• Captioned web image data:
───

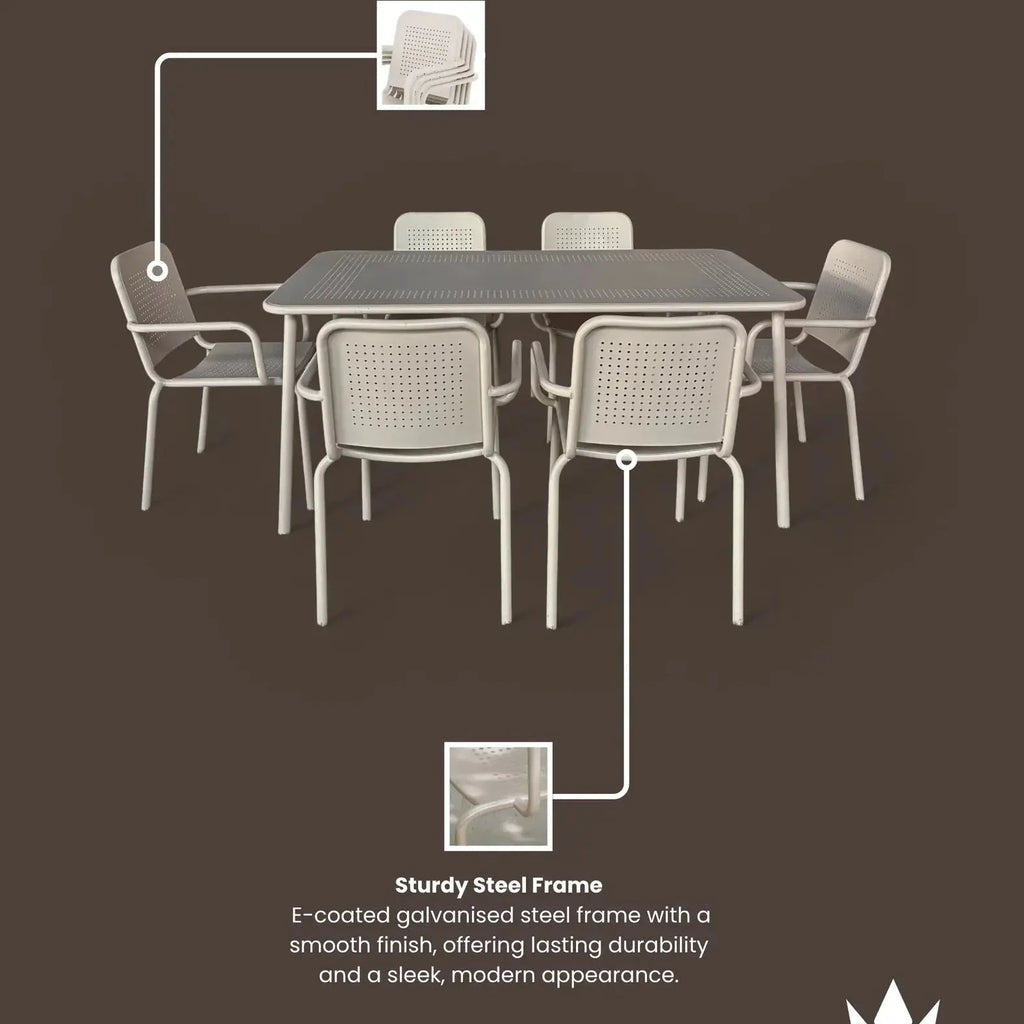 Dusklia - Porto Outdoor 6 Seater Rectangular Dining Table and Stacking Chairs - Champagne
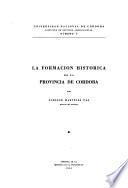 La formación histórica de la provincia de Córdoba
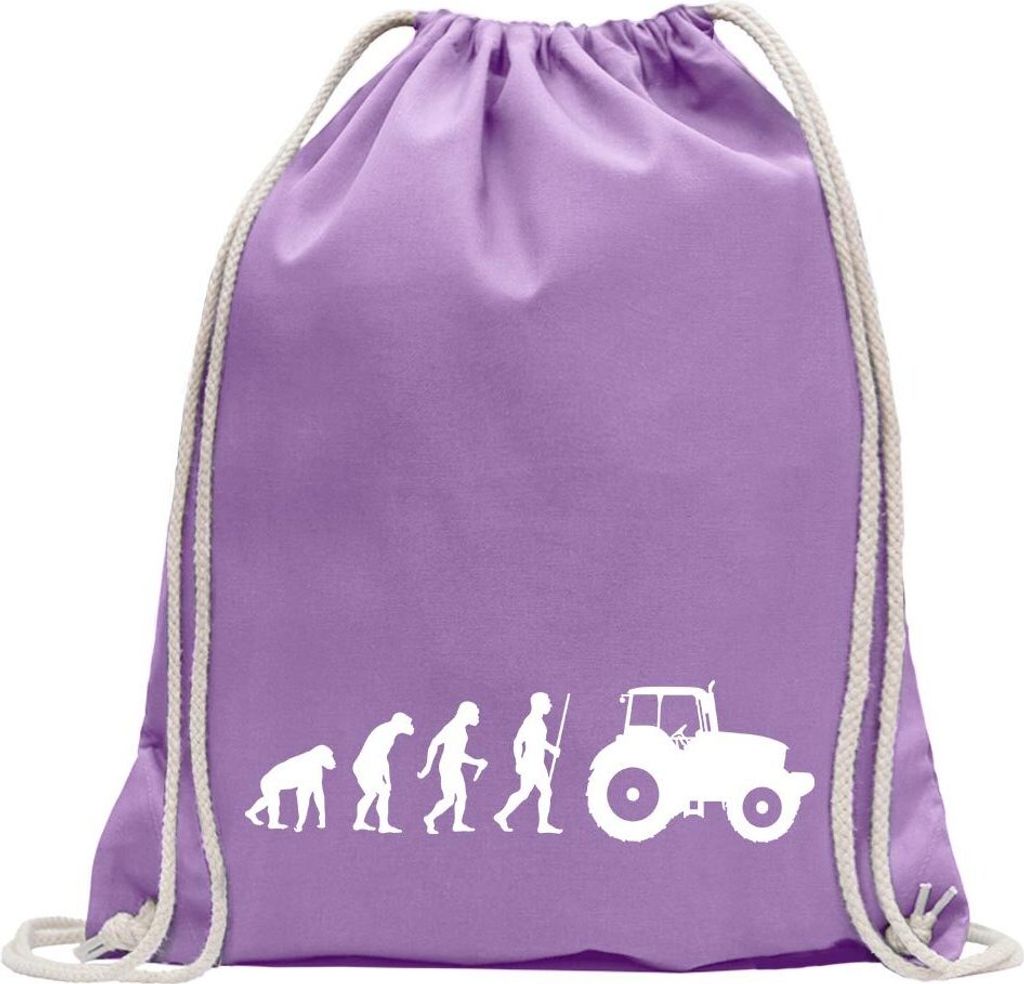 Kiwistar - Turnbeutel - lavendel - Landwirt Traktor Evolution - Fun Rucksack Sport Beutel Gymsack Baumwolle mit Ziehgurt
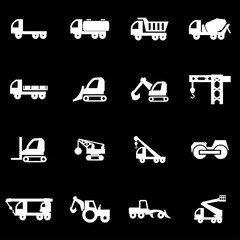 Vector white construction transport icon set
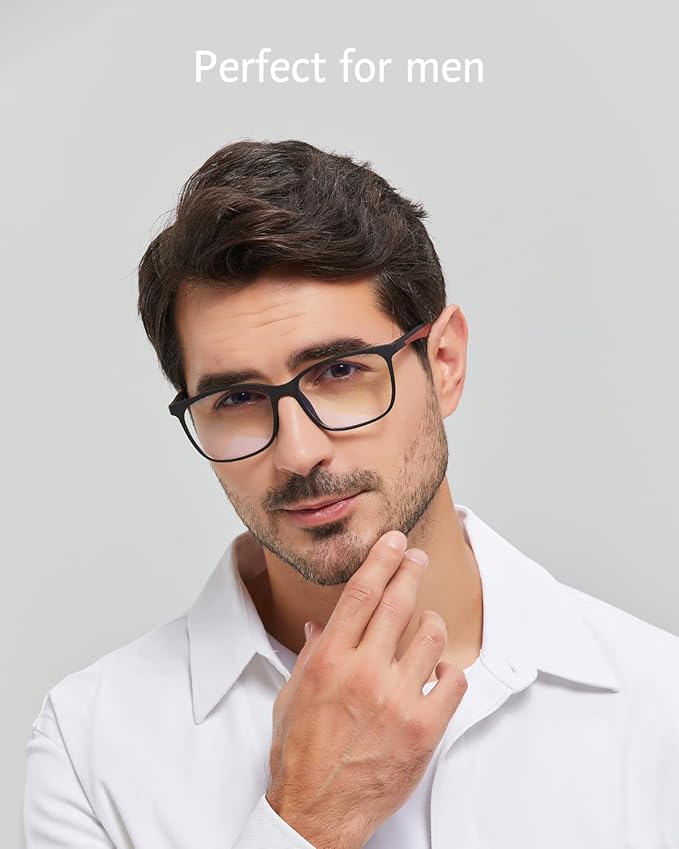 ANRRI Blue Light Blocking Glasses, Anti Eyestrain Lens Lightweight Frame Eyeglasses, Black Fream Red Temple, Men/Women…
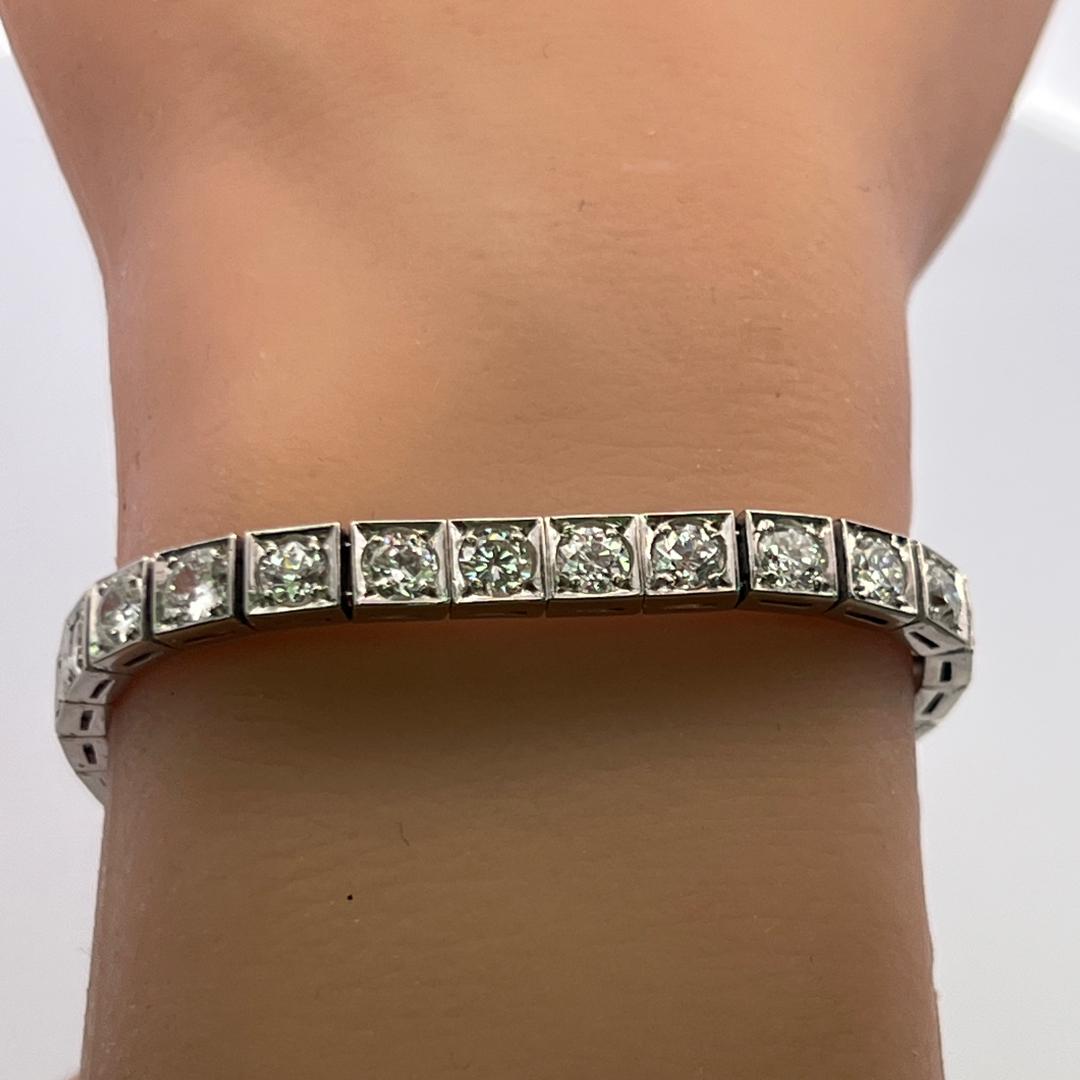 Vintage Platinum Tennis Bracelet with 7.91 Carat Old European Cut G VS Diamonds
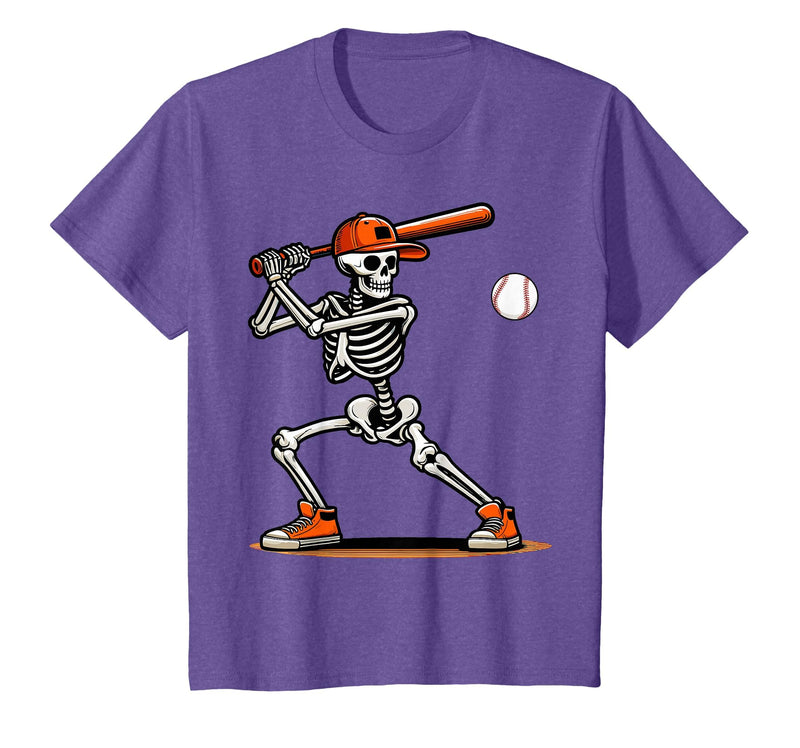 Funny Halloween Skeleton Sports Boys Costume Baseball Skeleton Spooky Boys Halloween Baseball Player T-Shirt - Purple Heather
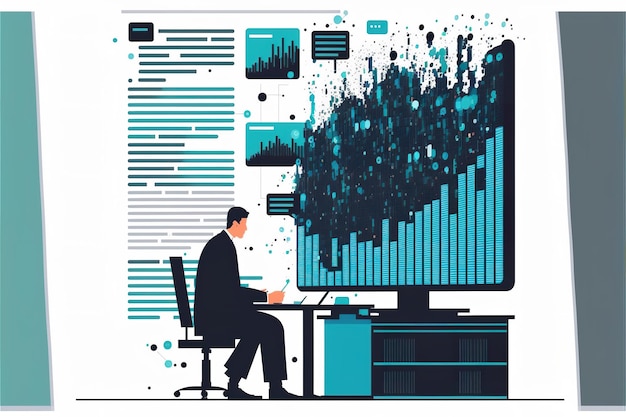 Operational Data Analyst flat illustration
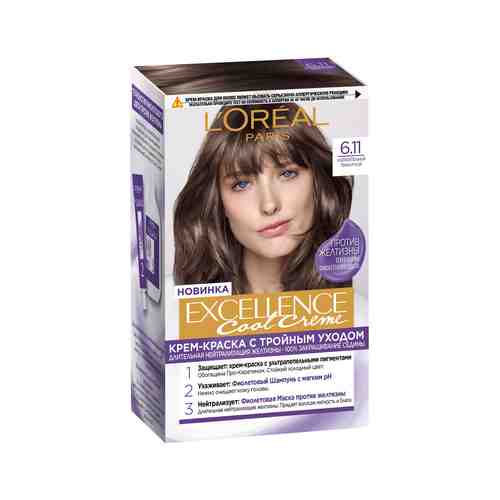 Стойкая крем-краска для волос 6,11 Темно-русый L'Oreal Paris Excellence Cool Crèmeарт. ID: 980642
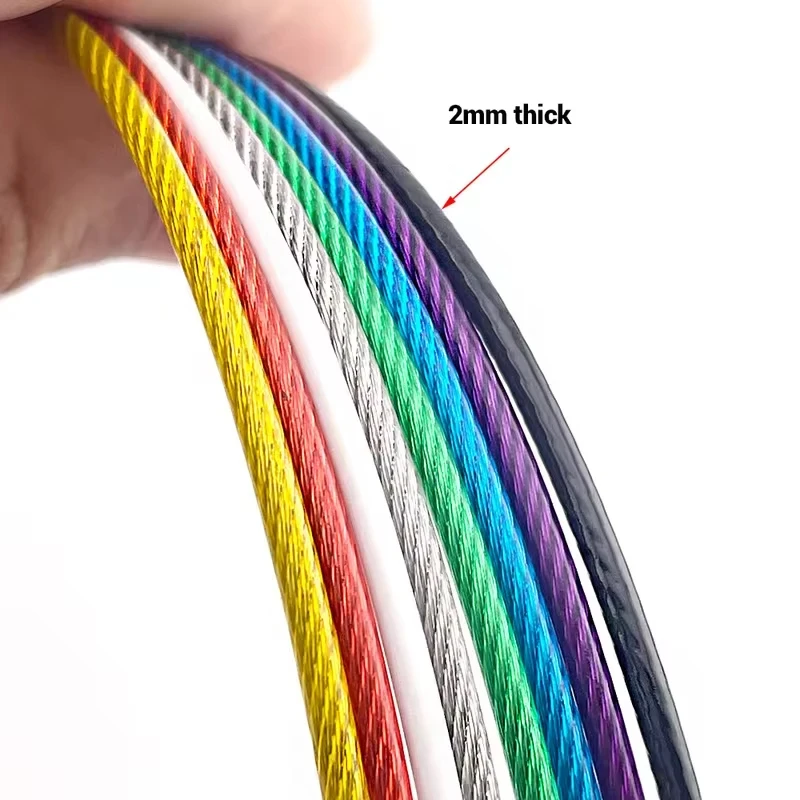 Picture 4: 100 pieces of 2mm stainless steel cable ropes, coated with PVC colored surface, with loop ropes for hanging suspension ropes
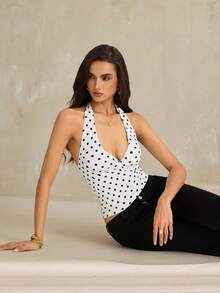 SHEIN Tall Schwarzes Polka-Dot-Muster Lässig Neckholder-Top, geeignet für Brunch, Ausflüge, Dates, Pendeln, Kreuzfahrten, Ibiza, Sommer-Top, für große Frauen - Weiss - Übersicht 3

───

• Problem to solve:
Please return the entries above exactly as they appear, but without the pictures.

• Completed task:
 Dusklia - Porto Outdoor 6 Seater Rectangular Dining Table and Stacking Chairs - Champagne
 La formación histórica de la provincia de Córdoba
 Kiwistar - Turnbeutel - lavendel - Landwirt Traktor Evolution - Fun Rucksack Sport Beutel Gymsack Baumwolle mit Ziehgurt
 Vector white construction transport icon set
 ANRRI Blue Light Blocking Glasses, Anti Eyestrain Lens Lightweight Frame Eyeglasses, Black Fream Red Temple, Men/Women…
 Vintage Platinum Tennis Bracelet with 7.91 Carat Old European Cut G VS Diamonds
 Funny Halloween Skeleton Sports Boys Costume Baseball Skeleton Spooky Boys Halloween Baseball Player T-Shirt - Purple Heather
 Operational Data Analyst flat illustration
 Стойкая крем-краска для волос 6,11 Темно-русый L'Oreal Paris Excellence Cool Crèmeарт. ID: 980642
 Picture 4: 100 pieces of 2mm stainless steel cable ropes, coated with PVC colored surface, with loop ropes for hanging suspension ropes
 SHEIN Tall Schwarzes Polka-Dot-Muster Lässig Neckholder-Top, geeignet für Brunch, Ausflüge, Dates, Pendeln, Kreuzfahrten, Ibiza, Sommer-Top, für große Frauen - Weiss - Übersicht 3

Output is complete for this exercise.